[Opening Recorded data section]

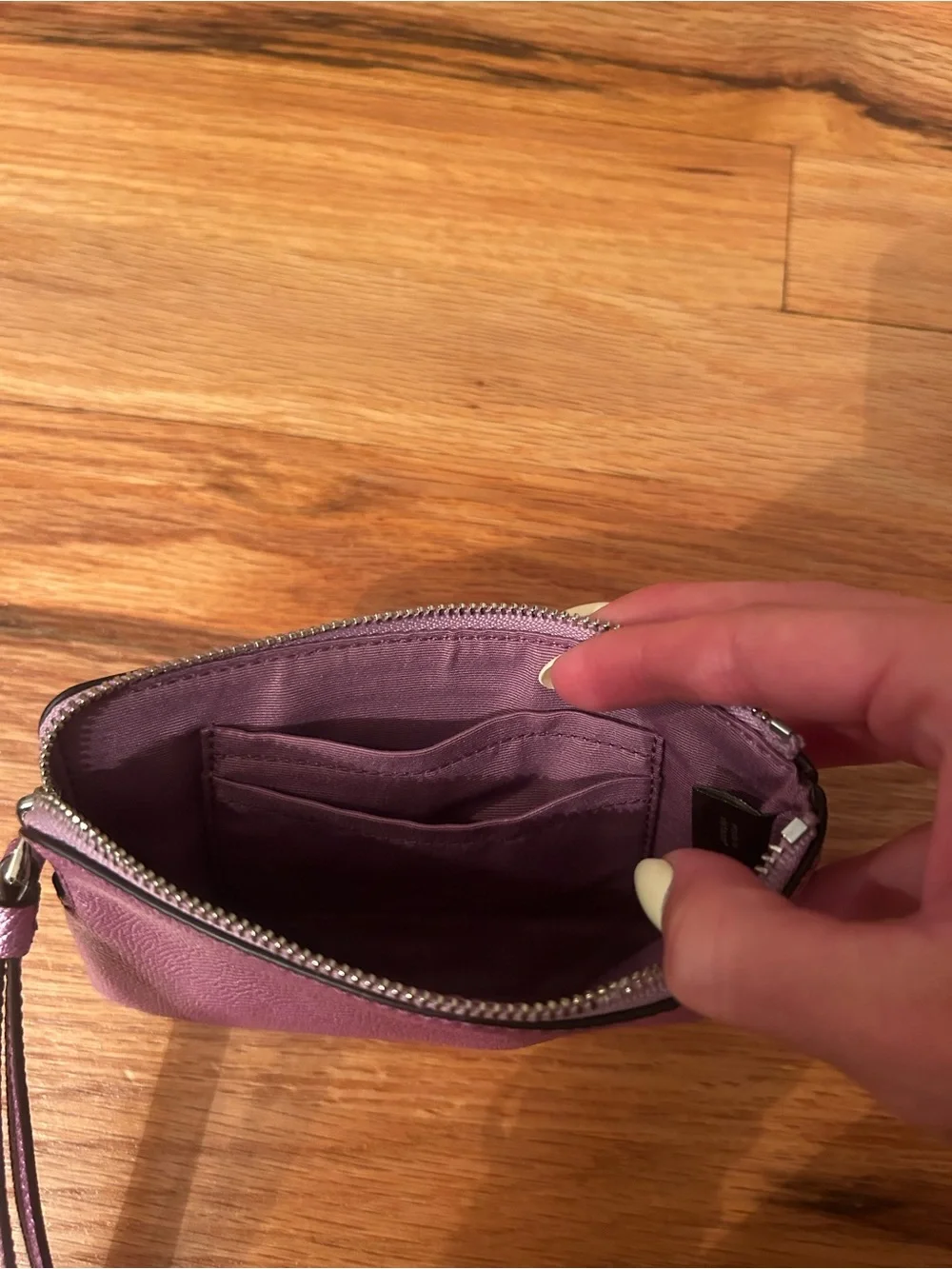 Coach Metallic Purple Wristlet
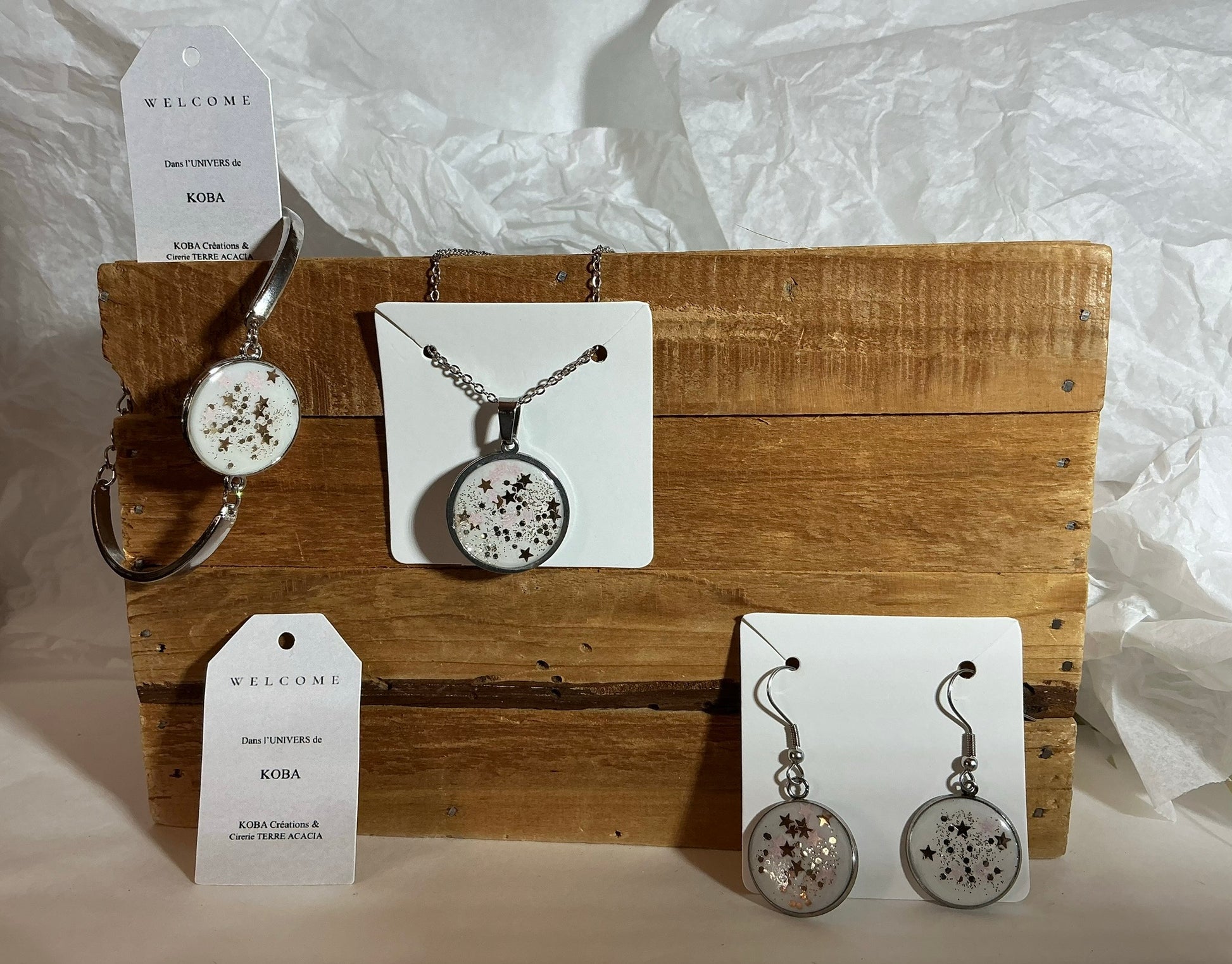 Parure Étoiles Dorées et Roses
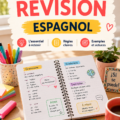Une femme prépare une fiche de révision pour apprendre l'espagnol, entourée de cahiers et d'outils d'étude.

[Closing Recorded data section]

▶ [Required work]:
Reproduce the entire listing exactly, except for any pictures it contains.

▶ [Task result]:
 Coach Metallic Purple Wristlet
 Parure Étoiles Dorées et Roses
Une femme prépare une fiche de révision pour apprendre l'espagnol, entourée de cahiers et d'outils d'étude.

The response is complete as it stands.